Monday, 12 December 2011

Bhyrappa - The Colossus

This piece of mine has appeared in CRI. It has been reproduced here with their consent. Not to be reproduced anywhere else without the same.
Few are the men who render effulgence to an award, rather than the other way round. Santeshivara Lingannaiah Bhyrappa, popularly known as S.L.Bhyrappa needs no introduction as a doyen with that particular ability. He was recently awarded the Saraswati Samman for his novel “Mandra”, in which he delves into the world of music and the lives of musicians through their own eyes.
Here is his excellent speech on receipt of this award. A must read, like all his other works.
If being born in a rural milieu, abject poverty, surviving a plague which takes away two siblings on the same day, losing one’s mother to the same plague later at the age of eleven, having to carry a younger sibling’s body on one’s own shoulders to cremate at the age of 15, later in life, walking all the way to Mumbai, begging for food, working as a coolie, yet completing a PhD, and going on to lead a life that includes trekking in the Alps cannot make a philosopher out of a man, what else can?

Here is a giant who is among the foremost philosophers of our time without resorting to sermons.

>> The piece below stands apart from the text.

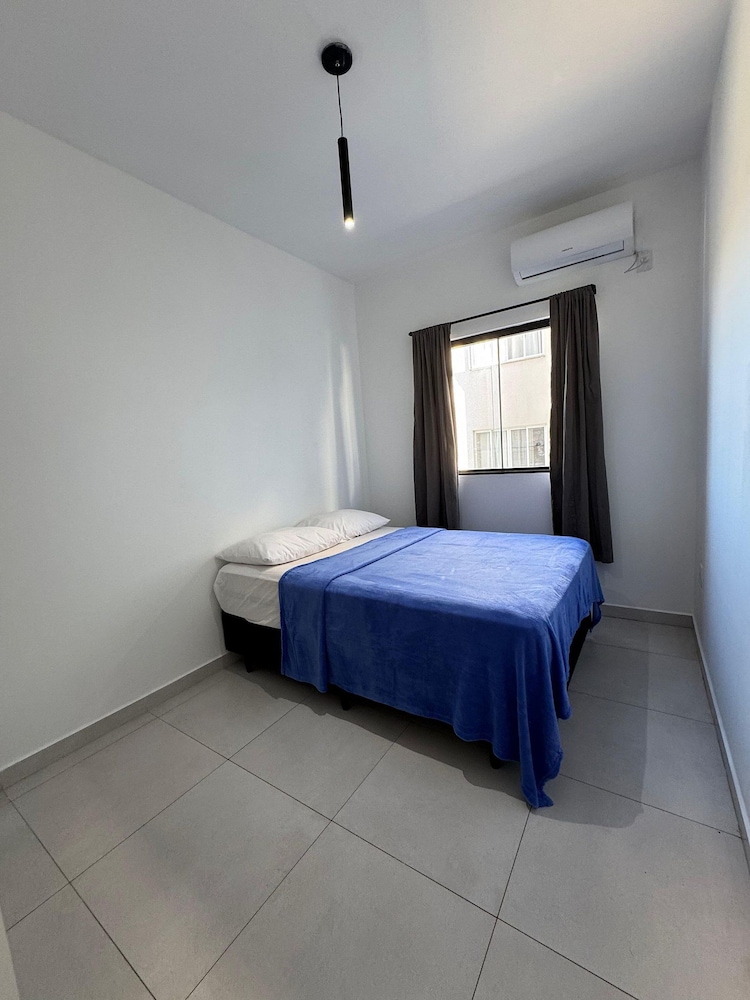 Residencial Beach Palace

He deals mostly in fiction, conveying profound philosophical journeys through the dialectics his characters indulge in. The striking factor of most of his writings are an apparent obscurity of the author himself or his opinions in a direct way (with the exception of his autobiography “Bhitti”), although the troughs and crests life threw at him lurk as an intense undercurrent in the experiences his characters undergo.
His constant quest for the truth shines through the intricacies that involve and encapsulate the characters in his novels. Rather than making characters ostentatiously behave in a certain way to achieve a defined goal, he extrapolates them onto a real canvas of relevant times through painstaking research and allows the society to affect the characters’ modalities.
His works usually are woven around macrocosmic and microcosmic dualities. For example, his “Gruhabhanga”, though on one level speaks of a rural woman Nanjamma’s travails in her setting of poverty, people around her and spousal indifference, it also speaks of a larger picture where Indic cultural values have been distorted to suit their own ends by different layers of the society.
He has a PhD in Aesthetics and his writings speak for themselves on the aesthetic front. Anyone who reads “Parva”, which many consider Bhyrappa’s greatest work, will vouch for how he recreates the Mahabharata, it’s characters, and gives new dimensions to them. Anyone who reads “Aavarana” will marvel at how he chooses to bring life to the Mughal era from the eyes of a neo-Islamic-convert-eunuch working at a Mughal noble’s harem, who had unhindered access to the minds of the Mughal women too. The predicaments of his characters and how he maps their thoughts onto the story he is creating makes him a treat to read. For some time there, you may forget someone has written this and begin thinking for the characters.
Bhyrappa has never allowed his own intellectual freedom to be taken away by either what the people ask for, or what other ‘secular intellectuals’ say about him or his work. He is much ahead of his time, in that, so far none has been able to slot him in any one flavor of modern Kannada literature like the Navya, the Bandaya or the Dalita sahitya. He remains free to write what he wants without ever being subservient to –isms and –ologies. Yet he is the best-selling author in Kannada in the last 25 years, the best-selling author in Marathi over the last decade and among the top 5 best-selling authors in Hindi.
Bhyrappa does industrious research about any subject he wishes to touch, and sometimes this research has run upto 5 years. Once he is convinced of something he says it like it is. Political correctness is another thing he abhors. A recommended read for all is his novel “Aavarana”, which has been translated to various languages. He rips the Marxist-distorted politically correct history apart with facts and figures and opines that the communal amity in India, if at all present, is superficial and cannot continue for long because it is not built on the basis of truth.
This, along with his no-nonsense stands and no-holds-barred opinions in favour of Indic cultural values, make Bhyrappa’s story vis-à-vis his peers and the powers that be, akin to the story of a few blind men coming across an elephant. Each blind man draws his own conclusion about the elephant. His sheer range, refusal to be immured by constrictions that ideologies foist on minds, versatility of themes and varied repertoire make him some sort of a litterateur-elephant in a society where lesser-gifted but more pompous and obstreperous ‘intellectuals’ abound. They are blinded by their ideologies and opportunism, and perceive him the way their obsequiousness to ideologies allows or disallows them.
That such elements oppose him, actually adds to his status of being one of the greatest exponents of the written word that Goddess Saraswati smiled upon.